Use this playbook to separate invalid upstream responses from upstream wait expiration and deadline exhaustion, and apply timeout budgets, safe retries, and circuit-breaker controls safely.
Last reviewed: February 23, 2026|Editorial standard: source-backed operational guidance
Use 502 when the gateway receives an invalid upstream response. Use 504 when the gateway waits too long for upstream response headers or data. Use DEADLINE_EXCEEDED when the caller deadline expires in RPC flow.
Another hop often enforces a lower timeout first. Gateway limits, client deadlines, upstream keepalive mismatch, or connection-pool starvation can still terminate requests.

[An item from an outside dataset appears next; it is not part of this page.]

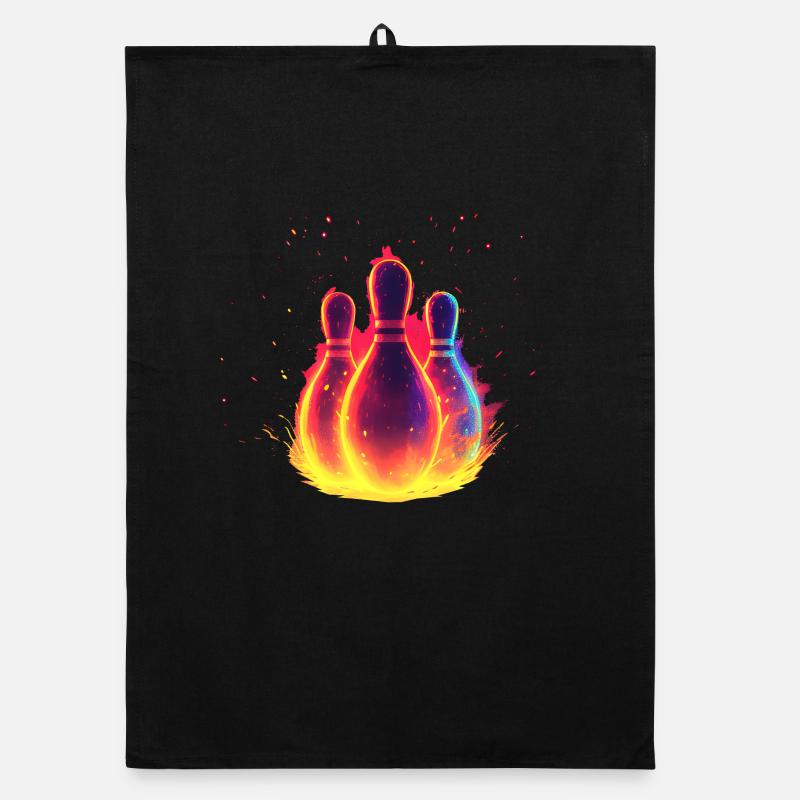 Bowling rétro Torchon bio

Retries should run only on idempotent paths where repeating the request does not create duplicate side effects. Bounded exponential backoff with jitter limits retry synchronization and reduces pressure on degraded upstreams. Circuit breakers should trip when timeout and failure thresholds stay above policy for a sustained window. This posture prevents retry storms while preserving controlled recovery.

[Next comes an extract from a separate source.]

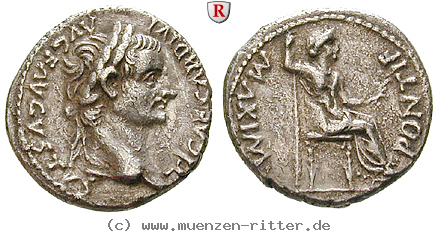 Klicken Sie auf das Bild um es auf Ihrem Rechner zu speichern tiberius-denar/53977.jpg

Each downstream hop needs a lower timeout budget than its caller to preserve deterministic cancellation order. The hierarchy should follow client > gateway > service > dependency on every request path. Misaligned budgets cause inner hops to run longer than outer callers, which creates wasted work and cascading timeout spikes. Ordered budgets keep failure boundaries clear and reduce cross-layer timeout amplification.